A disputa sobre a caracterização da essência do lulismo não é apenas um debate teórico, mas uma batalha ideológica com impactos diretos na formulação tática de partidos e organizações de esquerda. No governo Lula 3, que atinge a metade de seu mandato, essas discussões ganham novo fôlego, organizando-se em torno de três caracterizações principais: duas que negam o caráter neoliberal do governo e uma terceira que o desnuda como essencialmente neoliberal. A primeira interpretação enxerga o lulismo como um projeto social-desenvolvimentista, enquanto a segunda o vê como um reformismo fraco que, embora obstrua transformações mais profundas, colocaria um freio no avanço neoliberal. Já a terceira, conectada à realidade concreta, expõe o lulismo como uma expressão de neoliberalismo progressista ou social-liberalismo, uma variante ideológica do neoliberalismo que mascara a exploração com um verniz inclusivo.

Na primeira caracterização, o lulismo seria movido pela elevação da renda dos mais pobres, por meio de políticas como a valorização do salário mínimo, a ampliação de transferências de renda e a expansão de serviços públicos, além de ser descrito como keynesiano e comprometido com o crescimento, a redução das desigualdades e o combate ao subdesenvolvimento.

No entanto, essa interpretação, quando confrontada pela realidade concreta do governo Lula 3, que adota políticas abertamente neoliberais, transfere os limites estruturais da política econômica para fatores externos, como a correlação de forças no Congresso ou a atuação de Campos Neto no Banco Central. Essa perspectiva, ao deslocar a responsabilidade para pressões externas, absolve o lulismo de suas escolhas estruturais e apresenta os retrocessos como inevitáveis. Ao negar qualquer caráter neoliberal ao projeto, essa narrativa opera como ferramenta ideológica que protege o governo de críticas à sua essência, ao mesmo tempo em que desmobiliza a classe trabalhadora.

A prática concreta, porém, desmente essa visão idealista. O governo Lula 3 tem sido protagonista de ataques estruturais contra a classe trabalhadora, como as ofensivas contra o salário mínimo, o abono salarial e o Benefício de Prestação Continuada (BPC), enviadas diretamente ao Congresso. Para garantir apoio, recorreu a práticas condenáveis, como a liberação de 4,2 bilhões em emendas do orçamento secreto. Apesar disso, a resistência popular conseguiu barrar parcialmente alguns desses ataques, demonstrando que a luta de classes permanece como força viva. Essa contradição desmascara a primeira caracterização como uma construção propagandística que encobre a realidade de um projeto que, longe de enfrentar o neoliberalismo, o reforça, legitimando a exploração com discursos de progresso social.
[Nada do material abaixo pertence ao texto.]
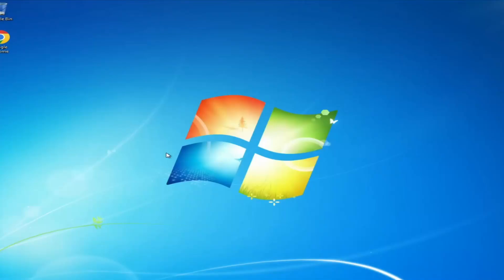Welcome back, everyone. So today in this video, I will be explaining how to upgrade from Windows 7 to Windows 10 without losing any data and applications.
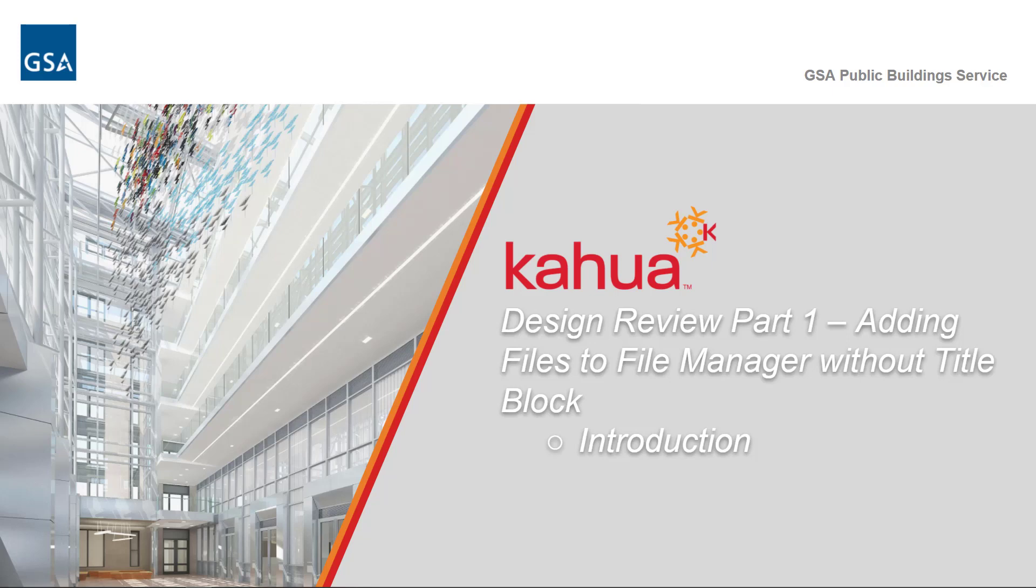Welcome to the GSA Kahua eLearning series. In this video, we will introduce you to adding files in File Manager for a review process such as a design review in Kahua.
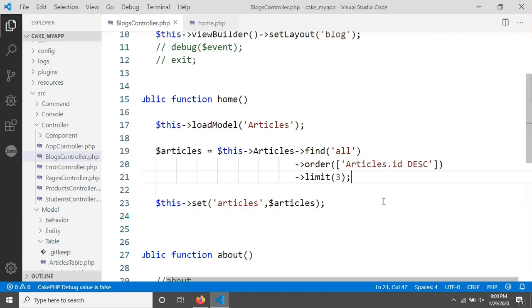This is actually the easiest way to find data from a table in CakePHP. But think about if you have five thousand or ten thousand articles — then you'd need to use pagination. In the next tutorial I will cover pagination. Thanks for watching this tutorial — welcome back for the next one.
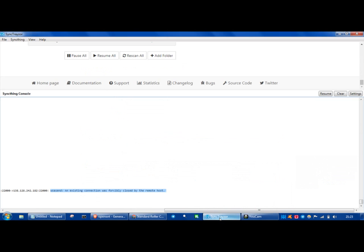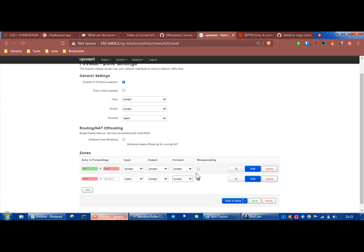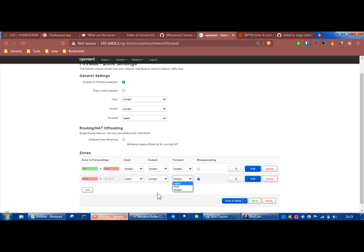If you keep getting the 'an existing connection was forcibly closed by the remote host' error in Sync Tracer, and you're running OpenWRT or any other router, and this is set to reject — set it to accept and you should be fine. The default is reject, which means LAN connections going out are accepted and forwarded.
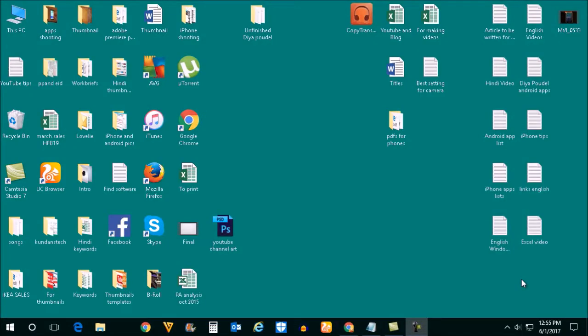To find the iOS crash report using a Windows computer, first connect your iOS device such as iPhone to your Windows computer. Then open the file explorer.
Uma segunda caracterização – de certa forma aderente à caracterização de André Singer sobre os sentidos do lulismo – possui maior seriedade e honestidade com o debate, mas, ao mesmo tempo, tem se revelado limitada e meramente conjuntural diante dos governos Dilma 2 e Lula 3. Essa abordagem descreve mais um momento do lulismo do que sua essência, considerando que a natureza e o compromisso do lulismo residem na busca pela redução das desigualdades e no combate à pobreza, porém sem enfrentar ou alterar as estruturas da ordem capitalista. Em outras palavras, trata-se de reduzir desigualdades dentro dos limites impostos pela própria ordem.
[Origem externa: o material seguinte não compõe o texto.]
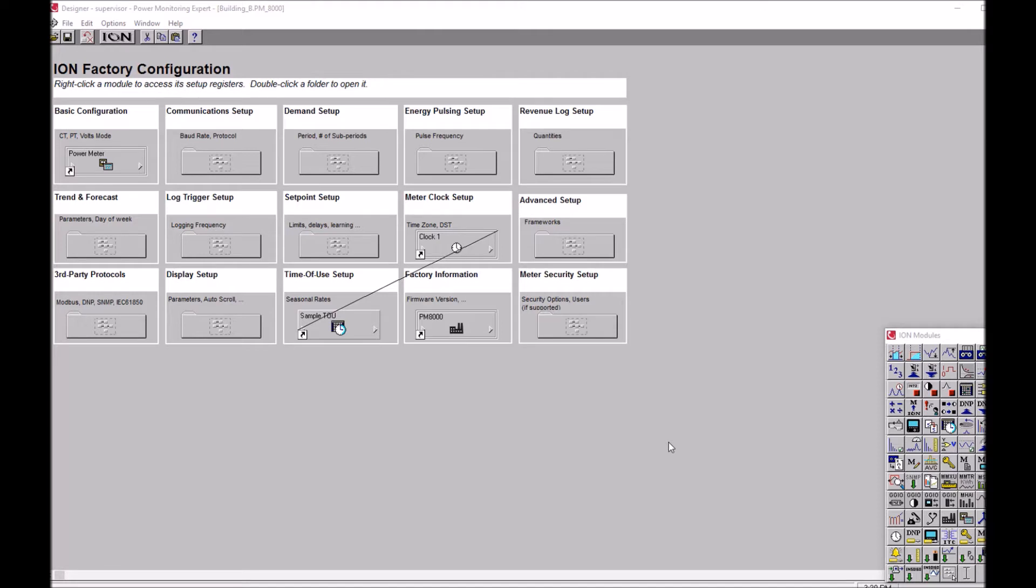First off, you see on the screen that we have an existing meter here already programmed. It has many folders that we may or may not know what's behind those folders.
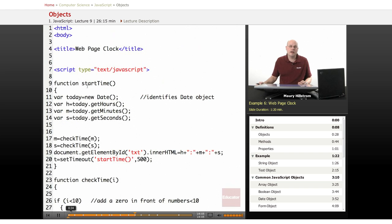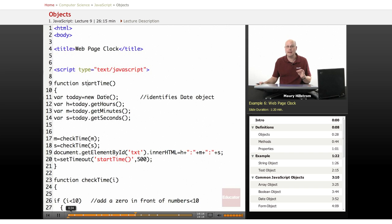In this example we're going to use a start time function, and this is going to display the system clock. So if you ever want a time to be displayed on your website...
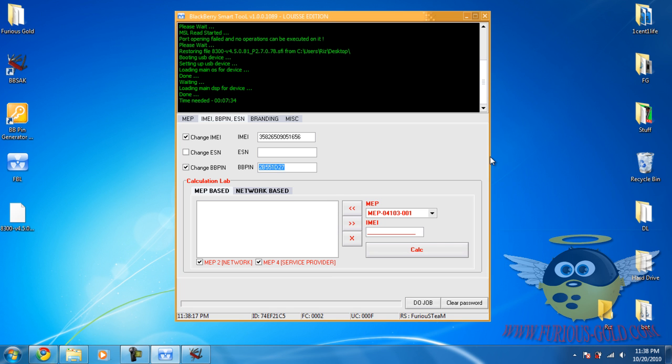And in my next video, I'll be making another video if there was any errors in the process, how to fix those errors. So hope you enjoy. This is Riz from www.furiousgold.com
Negar qualquer caráter neoliberal do Lula 3, protege o governo de críticas à sua essência, ao mesmo tempo em que desmobiliza a classe trabalhadora

Nesse sentido, o lulismo manteria elementos da macroeconomia neoliberal como concessão ao capital e instrumento de manutenção da ordem, mas, ao mesmo tempo, incluiria elementos que impõem um freio ao neoliberalismo e promovem políticas de combate à pobreza, voltadas especialmente à base de apoio do lulismo, composta por trabalhadores que ganham até dois salários mínimos. Essa caracterização também nega que o lulismo tenha um caráter fundamentalmente neoliberal, sustentando que as políticas de redução de desigualdades promovidas em seus governos são incompatíveis com um neoliberalismo puro, que favorece o aumento das desigualdades.
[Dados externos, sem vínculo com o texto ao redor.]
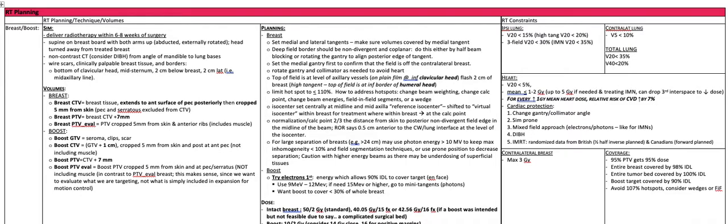For the boost, the boost GTV is your seroma and clip or scar. The boost CTV is the GTV plus one centimeter, cropped five millimeters from the skin and posteriorly at the anterior pec, so it does not include the muscle. The boost PTV is the CTV plus seven millimeters. The boost PTV eval is the boost PTV cropped five millimeters from the skin and at the pec-serratus, not including the muscle — in contrast to the PTV eval of the breast. This makes sense since we want to evaluate what we are targeting, not simply what is included in the expansion for motion control.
Portanto, diante do primeiro obstáculo estabelecido pela ordem, o lulismo recua. A intenção de reduzir desigualdades existe, mas, ao se chocar com o objetivo de evitar confrontos e preservar a ordem, recua. Assim, a essência do lulismo está em buscar a redução das desigualdades dentro dos limites permitidos, mas sempre esbarrando na manutenção da ordem como uma restrição.

Nesta linha, para André Singer, o lulismo é um modelo de mudança dentro da ordem. Como ele argumenta em seu livro Os Sentidos do Lulismo (2012), referindo-se aos dois primeiros governos Lula: “A opção de Lula pelos mais pobres revelaria não ser correta a avaliação que vê um ‘caráter completamente neoliberal do seu governo’, pois uma das características do neoliberalismo é favorecer o aumento da desigualdade.”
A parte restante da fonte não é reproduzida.